Prende spunto dal passato, per l’esattezza dagli esperimenti di fine ‘800 di Nikola Tesla, lo studio di un gruppo di ricercatori, guidati da Marco Santarelli direttore scientifico di Res on network e membro scientifico del progetto di ricerca Netonnets. Una sua prima applicazione pratica è stata proprio l’illuminazione del terzo piano della Torre di Cerrano, nell’Area marina protetta del Cerrano e l’esperimento sarà presentato a Milano alla decima edizione del Festival dell’energia. 
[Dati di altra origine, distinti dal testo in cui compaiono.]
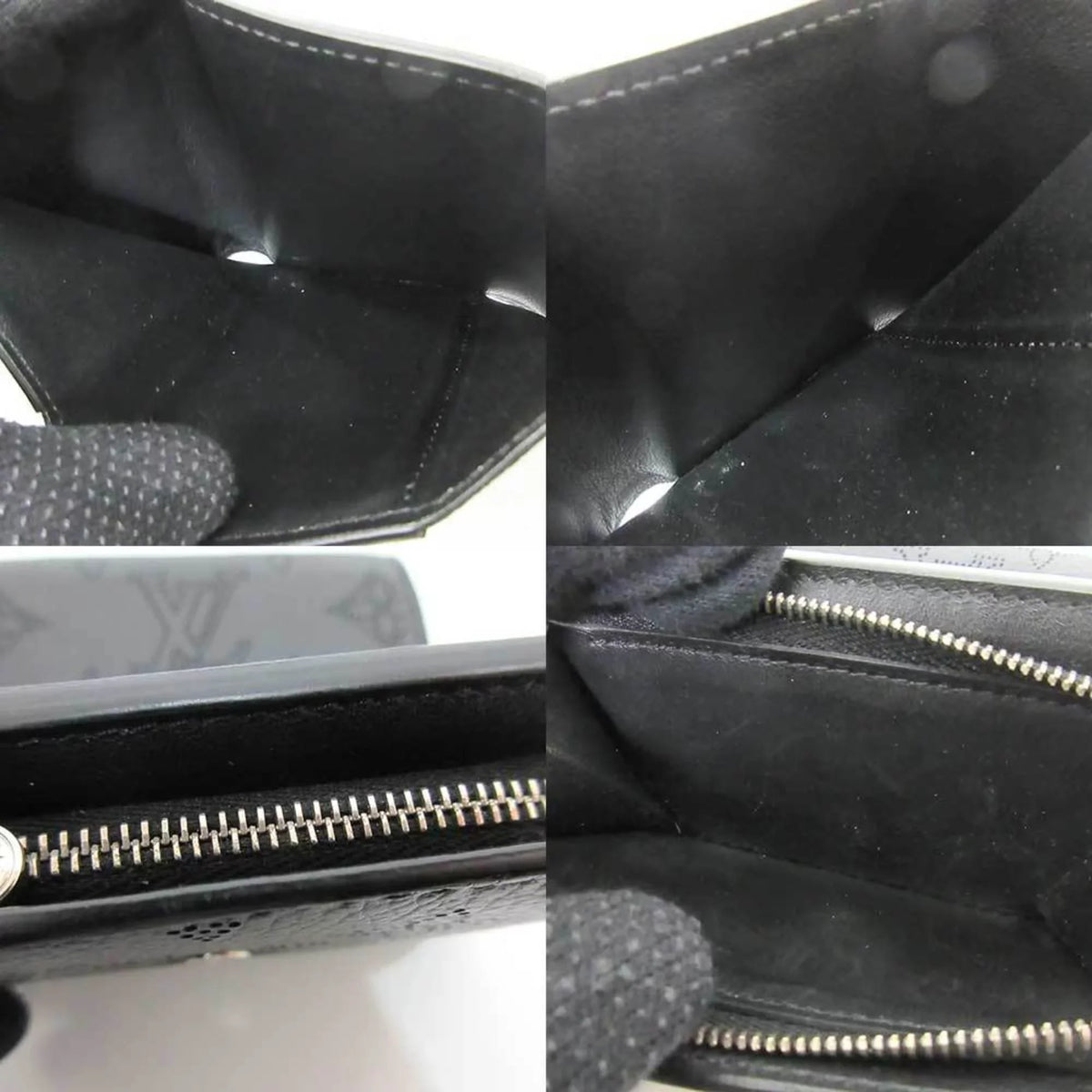 M67498 Louis Noir Mahina Black Mini XS Vuitton Ilysse LOUISVUITTON Wallet Trifold Monogram (Good) Portofeu Pre-Owned Women's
Torre del Cerrano energia senza filiUna rivoluzione energetica, senza cavi, tralicci, elettrodotti e spine, l’esperimento in Abruzzo ha dimostrato che è possibile trasmettere energia a una distanza di 500 metri, producendo e stoccando 1 kw e mezzo di energia al giorno. Fra meno di un anno sarà pronto un prototipo che mostri il funzionamento delle bobine trasmettitrici a circa 20 km. Per la trasmissione dell’energia prodotta da fonti rinnovabili e da una determinata massa o materia reperibile nell’ambiente, occorrono principalmente 3 elementi: 2 bobine in rame, poste in qualsiasi posto, dette bobine di Tesla che trasformano l’energia raccolta e creano nello spazio compreso fra loro un campo di forza e un trasformatore che rende il segnale energetico fruibile da una lampadina o da qualsiasi dispositivo richiedente energia elettrica come elettrodomestici, televisori o computer che così non avranno più bisogno di cavi e spine per funzionare. “In questo momento la trasmissione dell’energia senza fili è la frontiera della ricerca in tutto il mondo perché eliminare i cavi renderà i nostri dispositivi e tutto ciò con cui interagiamo molto più efficiente, pratico e decisamente meno costoso. Con tale scoperta potremmo prevenire black-out e fornire interi quartieri con energia in surplus di impianti rinnovabili –  aggiunge Santarelli – stiamo conducendo esperimenti importanti sulla rete elettrica tradizionale con un approdo ad un’energia senza fili che sfrutta anche l’energia da elementi ambientali secondo il principio della cosiddetta risonanza reciproca. L’esperimento è registrato come Elastic energy in team con esperti internazionali. Personalmente sia con il brevetto di Biro robot che permette il monitoraggio continuo dei consumi energetici, sia con quello dell’energia senza cavi, sto cercando di dimostrare che dalla scienza arrivano le soluzioni per abbattere i costi, l’inquinamento ambientale e prevenire i black-out” conclude Santarelli precisando che “nel prossimo futuro il costo dell’energia, luce e calore, potrà essere quasi zero e avremmo sempre meno interruzioni monitorando meglio l’efficienza energetica”  (Fonte Milano finanza-down jones (Mfdj) news).